For years, grease was put out in barrels next to the trash and picked up by verbal agreement. After a court ruling found that arrangement to be a free-for-all, he says, collectors drew up written contracts and provided branded bins. Collection companies say that once the grease hits the container, it's theirs.

"It's really a question mark to me," says Mr. Jaworski. "Do they own the grease because it's put in the container, or do they own the grease at the end of the month when they pay the restaurant?"

He's defended several dozen cases in court and lost only one, he says. He started making clients promise to clean up before coming to his office after one visitor tracked dark footprints on his carpet and stained a chair. The smell didn't leave until three weeks and a fumigation later.

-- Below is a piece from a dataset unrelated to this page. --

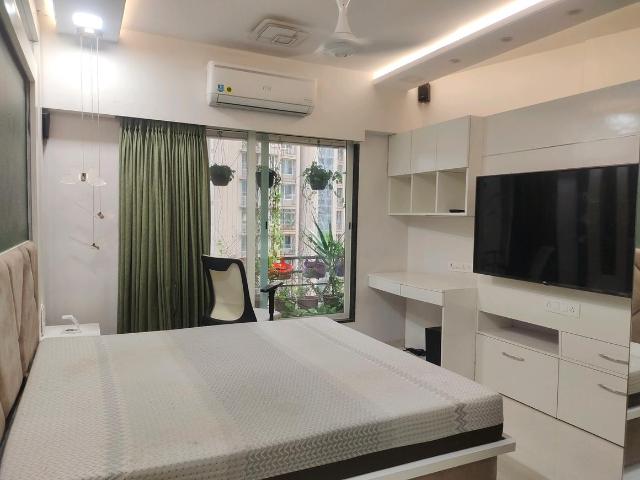 2 BHK Apartment in Malad West for rent Mumbai. The reference number is 20744393
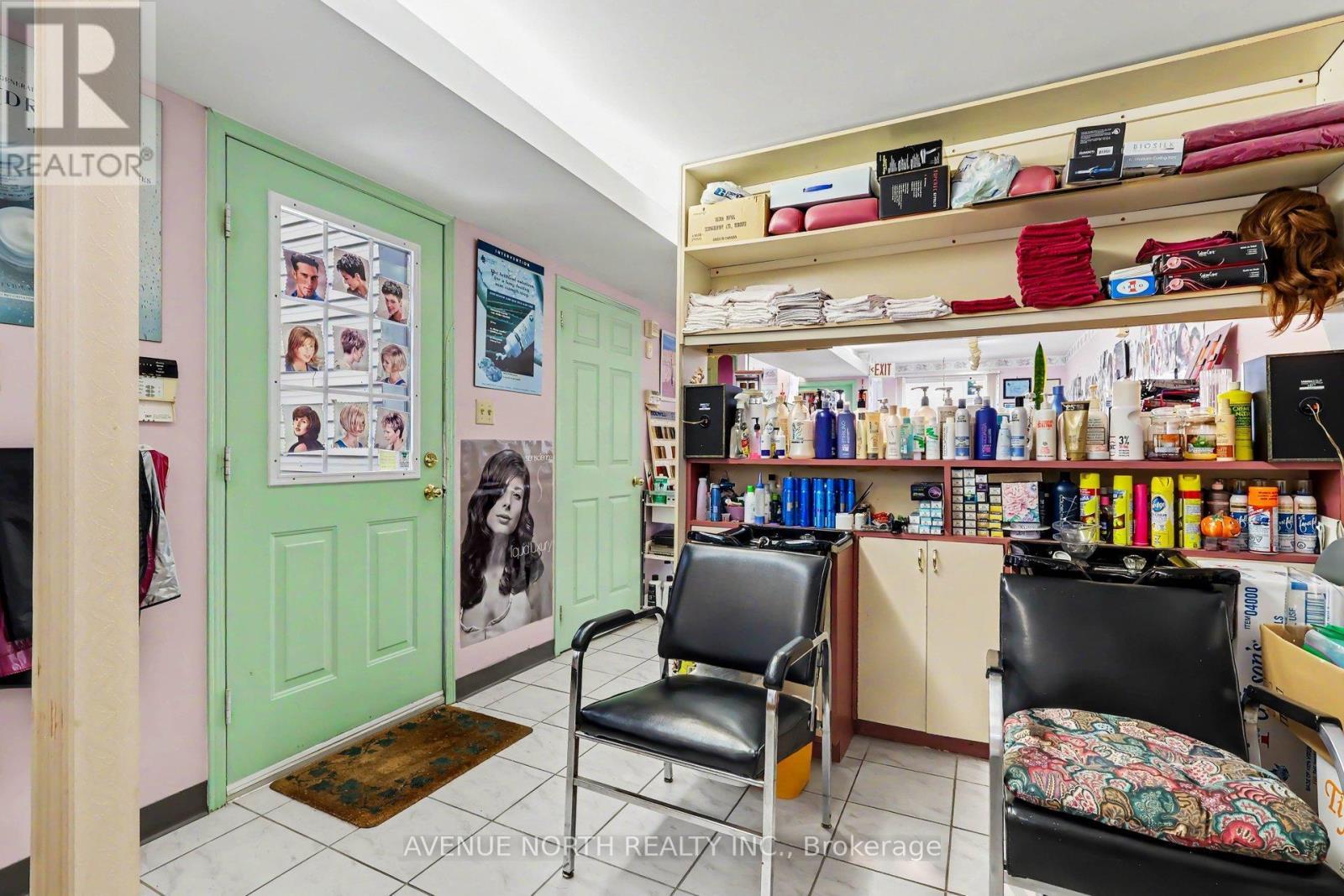 367 Booth Street, Ottawa, ON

"Juries are amazed by the time and effort put in to try to convict people for stealing stuff that is rancid," Jaworski says.

Larry Findley, a former San Antonio policeman, has spent 17 years pursuing poachers for Griffin. He says they run the gamut from poor immigrants who are given a pickup, some barrels, and a bucket by a middleman, to organized rings with their own tanker trucks.

And now, there's also well-meaning people taking grease to make biodiesel at home. Christopher Griffin of Griffin Industries notes that media love to highlight the local environmentalist who makes bio-fuel. One such report showed a professor getting grease from a Griffin-marked bin.

"You've got people who never considered being a thief out there taking grease thinking it's OK. So now it's really spiking," says Mr. Findley.

Stopping hard-core grease grabbers is tricky, because they usually strike at night. Findley and his colleague, a retired Texas Ranger, use police surveillance techniques. They've even persuaded a thief to wear a hidden mic to nail his buyer.

The detective duo has put two thieves into the penitentiary. More common are fines of $500 to $1000 and a few days in jail. A third conviction can draw sentences of nine months to a year.

Word spreads quickly as far as 500 miles away after any crackdown. But rather than stop, the thieves often just take from different companies or go to different states.

"Once they get into it, it's really hard to turn them," says Findley, who notes he sometimes deals with third-generation grease thieves. "It's almost embarrassing as someone in law enforcement to say that the best you can almost hope for is to move them."